╔══
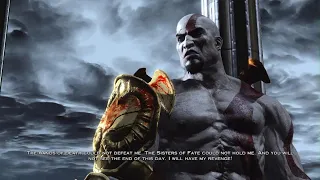 The Hands Of Death Could Not Defeat Me The Sisters Of Fate Could Not Hold Me 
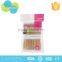 Customized sterile 240pcs wooden cotton qtip swab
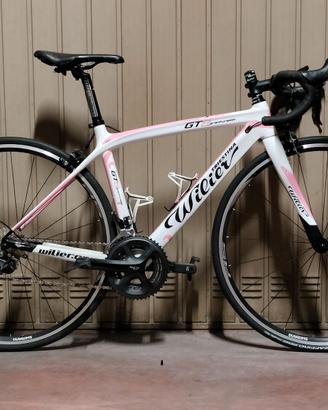 Bici Corsa Wilier GTR Granturismo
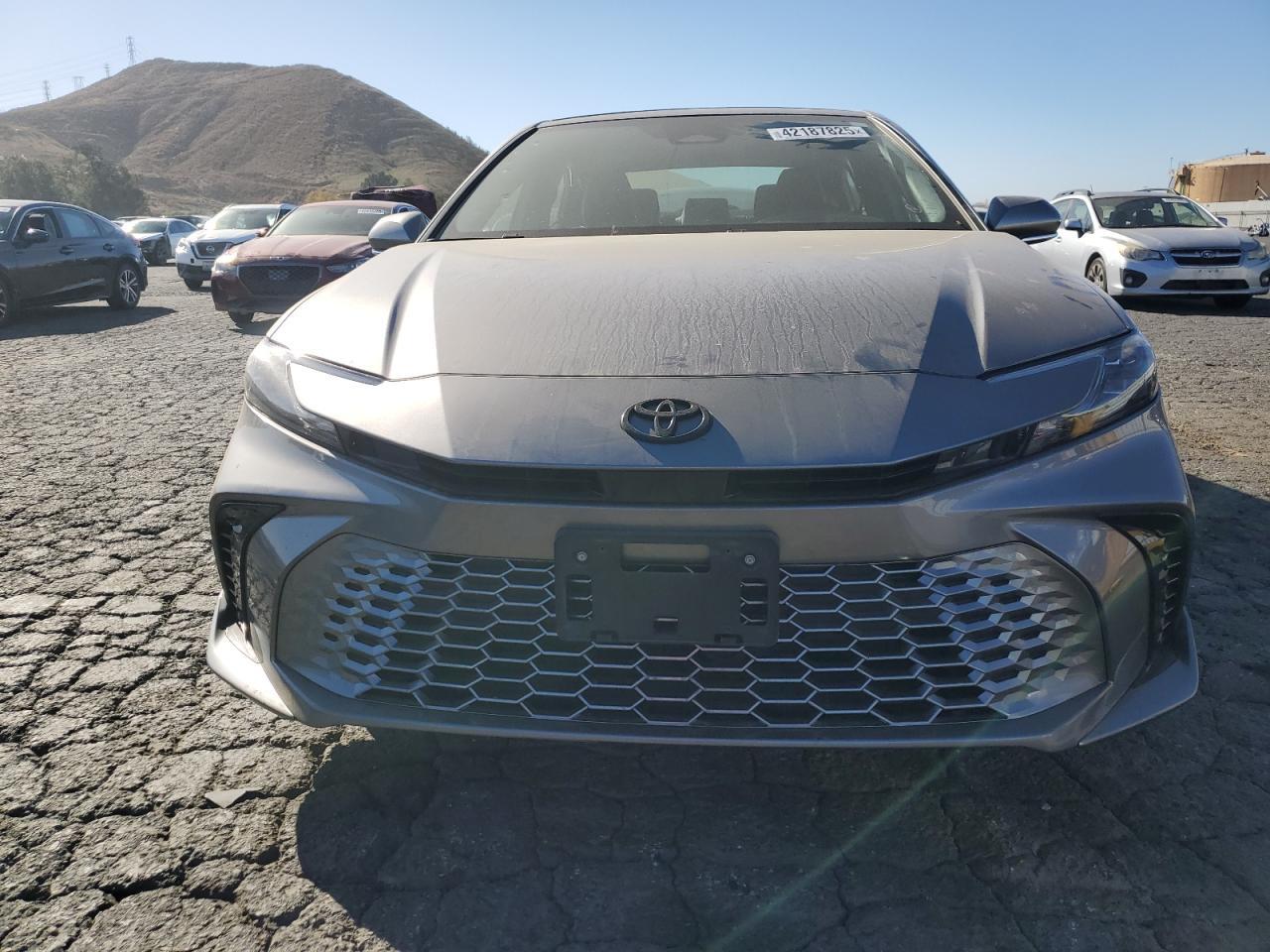 2025 TOYOTA CAMRY XSE - Фото 5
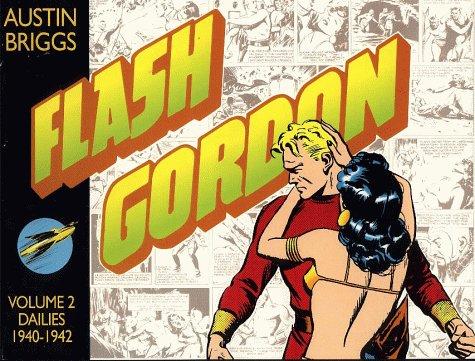 Flash Gordon: The Daily Strips #2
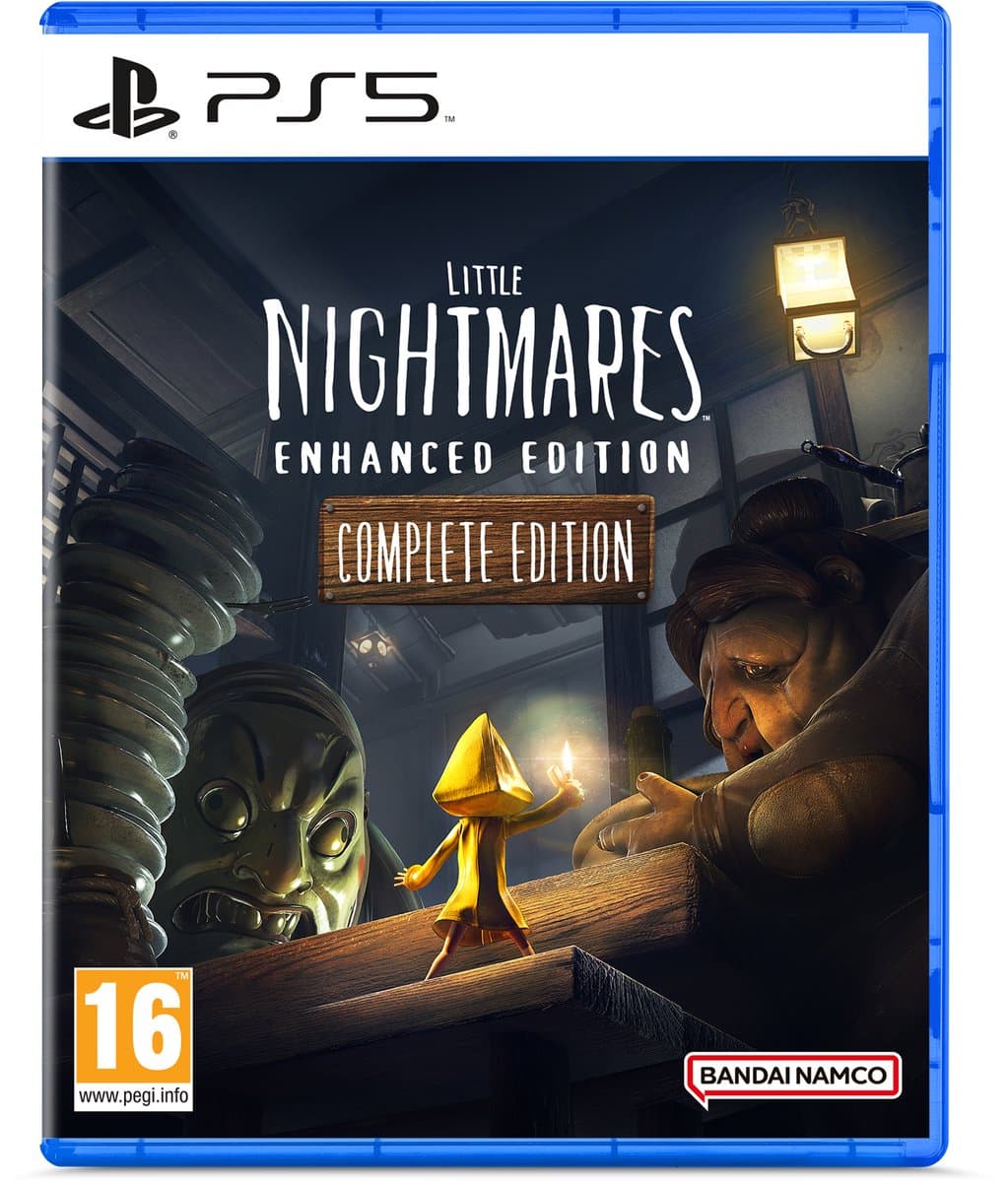 Little Nightmares Enhanced Edition PS5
╚══
WHAT IS BEING ASKED: Repeat the whole listing above word for word, but keep any picture out of it.

TASK ANSWER:
 The Hands Of Death Could Not Defeat Me The Sisters Of Fate Could Not Hold Me 
 Customized sterile 240pcs wooden cotton qtip swab
 Bici Corsa Wilier GTR Granturismo
 2025 TOYOTA CAMRY XSE - Фото 5
 Flash Gordon: The Daily Strips #2
 Little Nightmares Enhanced Edition PS5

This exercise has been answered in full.